Mahir erzählt von den Tausenden "politischen" Gefangenen, die schlimmsten Repressionen bis hin zur Folter ausgesetzt sind. "Auch viele Kinder und Jugendliche sind in den Gefängnissen. Die Türkei befindet sich in einem Vernichtungskrieg gegen das kurdische Volk, und nicht, wie sie es darzustellen versucht, in einem Kampf gegen eine ‘terroristische’ Minderheit mit Namen ‘PKK’."

Die mit der systematischen Zerstörung ganzer Dörfer und Landstriche einhergehende Vertreibung der Menschen aus ihrer Heimat spricht Bände. Nach Schätzungen der Vereinten Nationen leben heute über sieben Millionen Kurden in den "Gecekondus", den Slums der türkischen Großstädte wie Istanbul, Ankara oder Izmir. Ihre Heimat wurde total verwüstet, ihre Lebensgrundlagen wurden zerstört. Kurden, die in ihrer Heimat verblieben sind, haben die meisten Lebensjahre entweder unter Kriegsrecht oder im Ausnahmezustand verbracht.
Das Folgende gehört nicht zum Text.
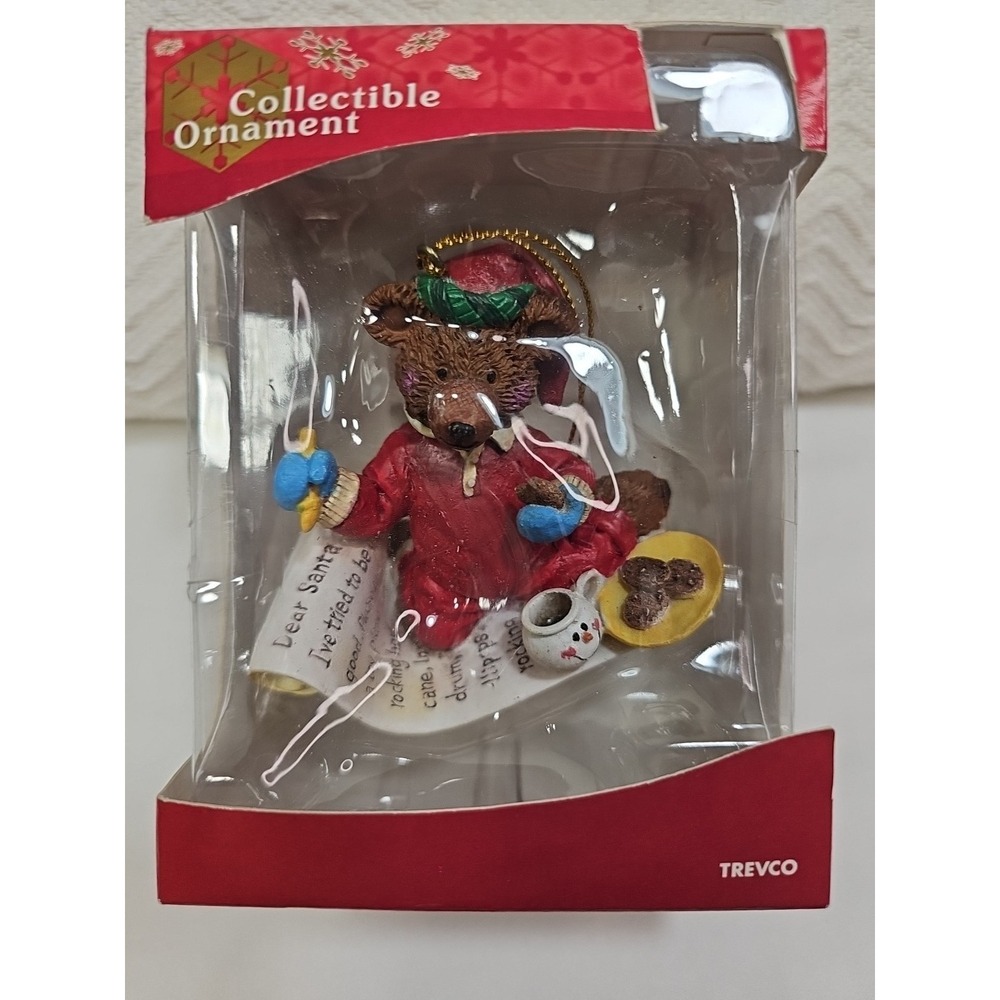 VTG Ornament Trevco Christmas Bear Writing Santa Wish Letter NEW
Aber in der emotional aufgeladenen gegenwärtigen Diskussion in Deutschland kommt kaum jemand auf die Idee, auf die Ursachen der "Kurdenfrage" hinzuweisen, geschweige denn, Lösungsvorschläge zu erarbeiten. Deutschland verschließt Augen und Ohren vor dem verzweifelten Aufschrei des kurdischen Volkes und droht statt mit Druck auf die Türkei mit der Abschiebung in dieselbe.

Nicht viel anders als den meisten Kurden in Deutschland erging es Mahir: Seine Familie komme ursprünglich aus der Nähe von Bitlis, einer kleinen Stadt in Zentralkurdistan. Sie seien seit vier Jahren in Deutschland. Zuerst hätten sie nach Diyarbakir, der heimlichen Hauptstadt Kurdistans, ziehen müssen. Doch auch Diyarbakir, das vor zehn Jahren etwa 400.000 Einwohner hatte, ist heute mit Flüchtlingen überfüllt und beherbergt nun 1,5 Millionen Menschen. Und täglich werden es mehr.

"Ich habe oft Heimweh, Kurdistan ist ein wunderschönes Land, und ich würde mir so sehr wünschen, daß meine Kinder in Kurdistan aufwachsen könnten." Und nach einer langen Pause fügt er hinzu: "Aber keiner von uns gibt die Hoffnung auf, zurückzukehren nach Kurdistan."